The blessings of books

When I am in any great city I search out the bookstores and in them spend what are hours of pure pleasure. Such time should have no ending. The great libraries of the world in which long ago I spent so much reading time have become too soullessly computerized for my liking and I studiously avoid them. A good friend recently described his experiences of a University Library as follows:

“The University Library here is now, so far as the average user is concerned, simply a vast room filled with rows of cubicles and/or tables equipped with hundreds of computers. This excrescence is still referred to as the Library. I want to campaign for the substitution of the word “Computery”…… When one wants to consult the library catalogue first the computer screen will not revert to the neutral position in which it will absorb a request. When that problem is solved, usually by an attendant who is muttering about how this thing is always  “playing up,” the next experience is a prolonged wait while nothing happens and one wonders if one has done something wrong. At this point I recall that when there was a card catalogue if one had a prolonged wait one always knew what was wrong because one’s fingers were in action seeking the right card. Next there is a stylized response, “No exact match; try again being less specific”. Eventually one gives up and does without the book.”

But the bookstores still provide rooms of undigitalised wonder in which to browse in leisure and delight. In fact the great bookstores are now better and more reader-friendly than ever. They provide comfortable chairs here and there in case you want to settle down to some serious browsing and one I have grown to love in particular accommodates a coffee shop inside so that you can spend a whole day wandering among the shelves, sitting and reading, sipping coffee and eating a sandwich between times and thus the unpressured hours slip by blessed by books and quiet thought and the simple feeling that life is good – until the time comes at the end of the day to choose out of the thousands a book or two to own.

And every now and then one comes across a special writer completely unknown before who sparks a sudden, joyous flash of understanding that what he says is true and beautiful until the end of time. Here are two poems by Jack Gilbert, hardly known at all.

 In Umbria

 Once upon a time I was sitting outside the café

watching twilight in Umbria when a girl came

 out of the bakery with the bread her mother wanted.

She did not know what to do. Already bewildered

by being thirteen and just that summer a woman,

 

 she now had to walk past the American.

But she did fine. Went by and around the corner

with style, not noticing me. Almost  perfect.

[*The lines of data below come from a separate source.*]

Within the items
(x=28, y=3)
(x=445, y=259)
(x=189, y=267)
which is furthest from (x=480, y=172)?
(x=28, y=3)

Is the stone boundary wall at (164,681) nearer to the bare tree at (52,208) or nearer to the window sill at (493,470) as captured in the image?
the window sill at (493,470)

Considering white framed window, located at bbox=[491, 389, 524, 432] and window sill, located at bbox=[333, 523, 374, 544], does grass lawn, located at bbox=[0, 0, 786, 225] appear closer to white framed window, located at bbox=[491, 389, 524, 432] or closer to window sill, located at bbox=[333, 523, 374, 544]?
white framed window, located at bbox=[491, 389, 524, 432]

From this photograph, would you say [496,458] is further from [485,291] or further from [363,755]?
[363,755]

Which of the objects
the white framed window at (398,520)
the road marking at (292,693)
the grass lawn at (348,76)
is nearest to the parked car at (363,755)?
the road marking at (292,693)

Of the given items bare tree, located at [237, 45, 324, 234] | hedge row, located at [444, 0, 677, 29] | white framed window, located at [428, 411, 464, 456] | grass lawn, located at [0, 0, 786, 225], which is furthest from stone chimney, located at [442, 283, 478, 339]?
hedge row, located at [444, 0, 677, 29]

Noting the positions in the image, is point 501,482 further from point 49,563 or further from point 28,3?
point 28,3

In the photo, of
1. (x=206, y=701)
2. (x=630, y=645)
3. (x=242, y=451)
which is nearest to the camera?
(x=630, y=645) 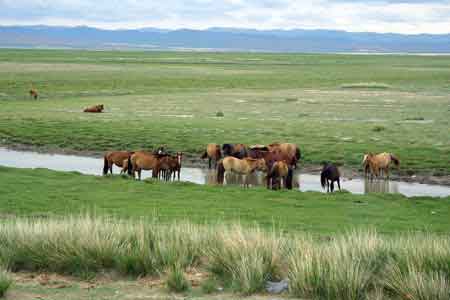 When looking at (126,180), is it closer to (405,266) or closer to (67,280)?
(67,280)

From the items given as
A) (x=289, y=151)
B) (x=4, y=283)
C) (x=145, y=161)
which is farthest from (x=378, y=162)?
(x=4, y=283)

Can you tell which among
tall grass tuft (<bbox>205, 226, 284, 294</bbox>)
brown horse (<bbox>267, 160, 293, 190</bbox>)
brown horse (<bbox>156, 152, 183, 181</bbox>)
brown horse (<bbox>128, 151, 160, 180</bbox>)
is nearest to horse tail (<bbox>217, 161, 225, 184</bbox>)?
brown horse (<bbox>156, 152, 183, 181</bbox>)

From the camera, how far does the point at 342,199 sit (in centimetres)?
1825

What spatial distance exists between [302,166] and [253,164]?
17.6 ft

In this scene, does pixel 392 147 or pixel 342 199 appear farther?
pixel 392 147

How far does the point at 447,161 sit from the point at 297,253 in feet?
56.6

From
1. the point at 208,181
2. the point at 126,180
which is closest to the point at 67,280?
the point at 126,180

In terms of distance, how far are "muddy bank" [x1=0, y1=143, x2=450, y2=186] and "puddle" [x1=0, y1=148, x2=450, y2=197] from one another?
50 centimetres

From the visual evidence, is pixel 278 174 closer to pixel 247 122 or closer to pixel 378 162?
pixel 378 162

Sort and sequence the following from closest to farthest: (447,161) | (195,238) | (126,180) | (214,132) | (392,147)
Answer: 1. (195,238)
2. (126,180)
3. (447,161)
4. (392,147)
5. (214,132)

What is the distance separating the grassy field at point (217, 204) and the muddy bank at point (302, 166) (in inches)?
209

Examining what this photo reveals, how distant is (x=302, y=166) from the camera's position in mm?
26359

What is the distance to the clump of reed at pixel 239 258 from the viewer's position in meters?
8.66

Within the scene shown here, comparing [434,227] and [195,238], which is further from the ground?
[195,238] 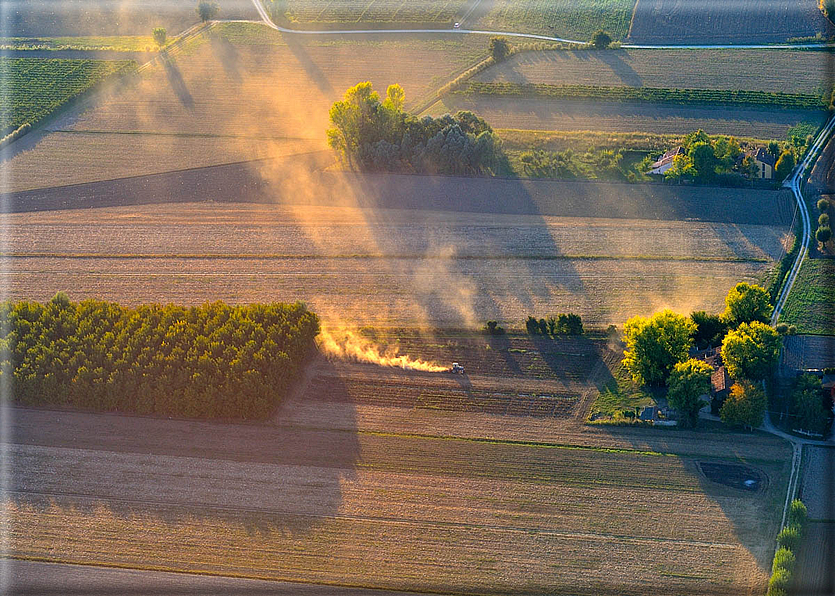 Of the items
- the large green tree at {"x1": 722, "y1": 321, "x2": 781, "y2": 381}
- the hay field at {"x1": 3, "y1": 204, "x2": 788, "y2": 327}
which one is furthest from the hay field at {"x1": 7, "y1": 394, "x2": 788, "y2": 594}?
the hay field at {"x1": 3, "y1": 204, "x2": 788, "y2": 327}

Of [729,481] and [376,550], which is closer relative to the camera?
[376,550]

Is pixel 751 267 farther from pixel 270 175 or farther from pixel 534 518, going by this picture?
pixel 270 175

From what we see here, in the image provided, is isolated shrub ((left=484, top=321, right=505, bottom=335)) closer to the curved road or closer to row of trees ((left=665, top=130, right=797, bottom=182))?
row of trees ((left=665, top=130, right=797, bottom=182))

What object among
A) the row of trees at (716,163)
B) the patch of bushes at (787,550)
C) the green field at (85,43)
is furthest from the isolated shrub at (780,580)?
the green field at (85,43)

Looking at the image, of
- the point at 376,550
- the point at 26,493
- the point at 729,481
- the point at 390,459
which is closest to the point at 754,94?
the point at 729,481

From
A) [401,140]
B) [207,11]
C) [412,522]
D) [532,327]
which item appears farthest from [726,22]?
[412,522] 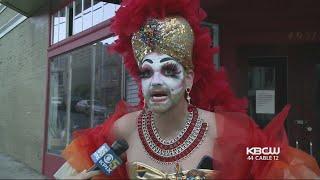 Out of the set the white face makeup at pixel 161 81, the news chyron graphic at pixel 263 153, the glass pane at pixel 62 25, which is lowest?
the news chyron graphic at pixel 263 153

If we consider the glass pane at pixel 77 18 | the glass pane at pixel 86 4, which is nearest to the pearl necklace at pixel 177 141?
the glass pane at pixel 86 4

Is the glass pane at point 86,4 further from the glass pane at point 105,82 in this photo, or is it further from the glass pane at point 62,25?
the glass pane at point 62,25

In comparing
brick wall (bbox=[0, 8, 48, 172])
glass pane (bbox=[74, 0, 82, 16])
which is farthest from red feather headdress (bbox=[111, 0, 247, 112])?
brick wall (bbox=[0, 8, 48, 172])

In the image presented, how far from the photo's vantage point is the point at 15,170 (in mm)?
12180

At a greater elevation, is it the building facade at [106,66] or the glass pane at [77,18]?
the glass pane at [77,18]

At the last instant could not resist darting a look

down at her new breasts. Often I go back

to that dip of her head when people talk

about this one or that one of the great beauties.

 

The Abnormal Is Not Courage

The Poles rode out from Warsaw against the German

Tanks on horses. Rode knowing, in sunlight, with sabers,

 A magnitude of beauty that allows me no peace.

And yet this poem would lessen that day. Question

The bravery. Say it’s not courage. Call it a passion.

Would say courage isn’t that. Not at its best.

 It was impossible, and with form. They rode in sunlight,

Were mangled. But I say courage is not the abnormal.

Not the mavellous act. Not Macbeth with fine speeches.

The worthless can manage in public, or for the moment.

 It is too near the whore’s heart: the bounty of impulse,

 And the failure to sustain even small kindness.

 Not the marvelous act, but the evident conclusion of being.

Not strangeness, but a leap forward of the same quality.

Accomplishment. The even loyalty. But fresh.

 Not the Prodigal Son, not Faustus. But Penelope.

The thing steady and clear. Then the crescendo.

The real form. The culmination. And the exceeding.

Not the surprise. The amazed understanding. The marriage,

Not the month’s rapture. Not the exception. The beauty

That is of many days. Steady and clear.

 It is the normal excellence, of long accomplishment.

It is a great joy which never leaves me though I am very old – the anticipation of the times still I hope to come which will be spent with books – in bookstores, in my study, in the garden my wife has created – never knowing what wonders and astonishments will suddenly be revealed to make the day exceptional.